Hierarchical Bayesian estimation of inequality measures with nonrectangular censored survey data with an application to wealth distribution of French households

TL;DR

This paper introduces a Bayesian hierarchical approach to estimate wealth inequality measures from censored survey data, incorporating complex sampling and auxiliary administrative data to improve accuracy.

Contribution

It develops a novel Bayesian hierarchical model with a Gibbs sampler to handle nonrectangular censored survey data and auxiliary information for wealth distribution analysis.

Findings

Effective estimation of wealth inequality measures with confidence intervals.

Improved localization of wealth components using administrative data.
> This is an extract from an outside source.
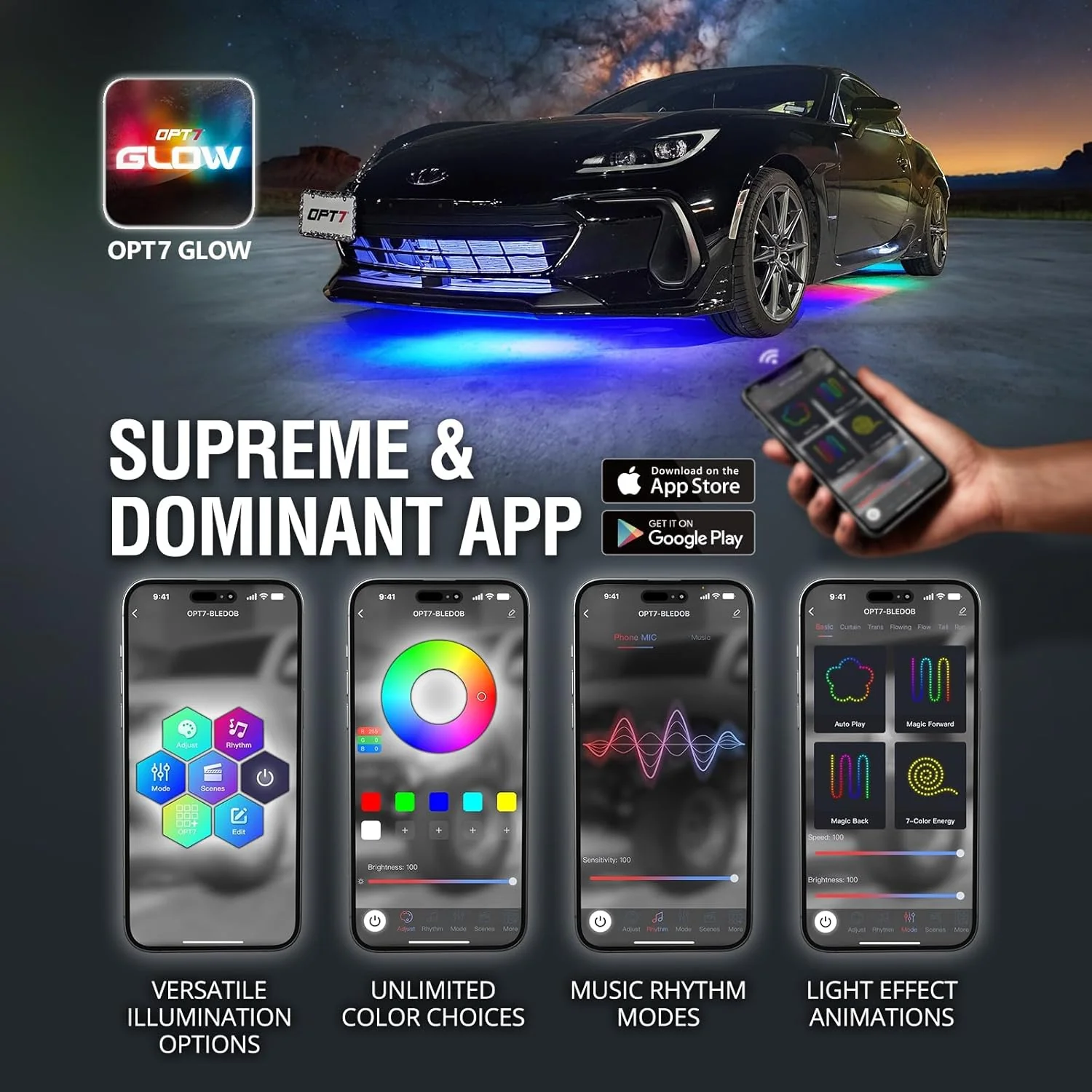 AURA PRO Exterior Pack Bundle (Grille LED Kit + Wheel Well Kit + DreamColor Underglow LED Kit) - Bluetooth APP and Remote Controlled - Image 2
Method applied successfully to French 2004 Wealth Survey.

Abstract

We consider the estimation of wealth inequality measures with their confidence interval, based on survey data with interval censoring. We rely on a Bayesian hierarchical model. It consists of a model where, due to survey sampling and unit nonresponse, the summaries of the wealth distribution of households are observed with error; a mixture of multivariate models for the wealth components where groups correspond to portfolios of assets; and a prior on the parameters. A Gibbs sampler is used for numerical purposes to do the inference. We apply this strategy to the French 2004 Wealth Survey. In order to alleviate the nonresponse, the amounts were systematically collected in the form of brackets. Matched administrative data on the liability of the respondents for wealth tax and response to overview questions are used to better localize the wealth components. It implies nonrectangular multidimensional censoring. The variance of the error term in the model for the population inequality measures is obtained using linearization and taking into account the complex sampling design and the various weight adjustments.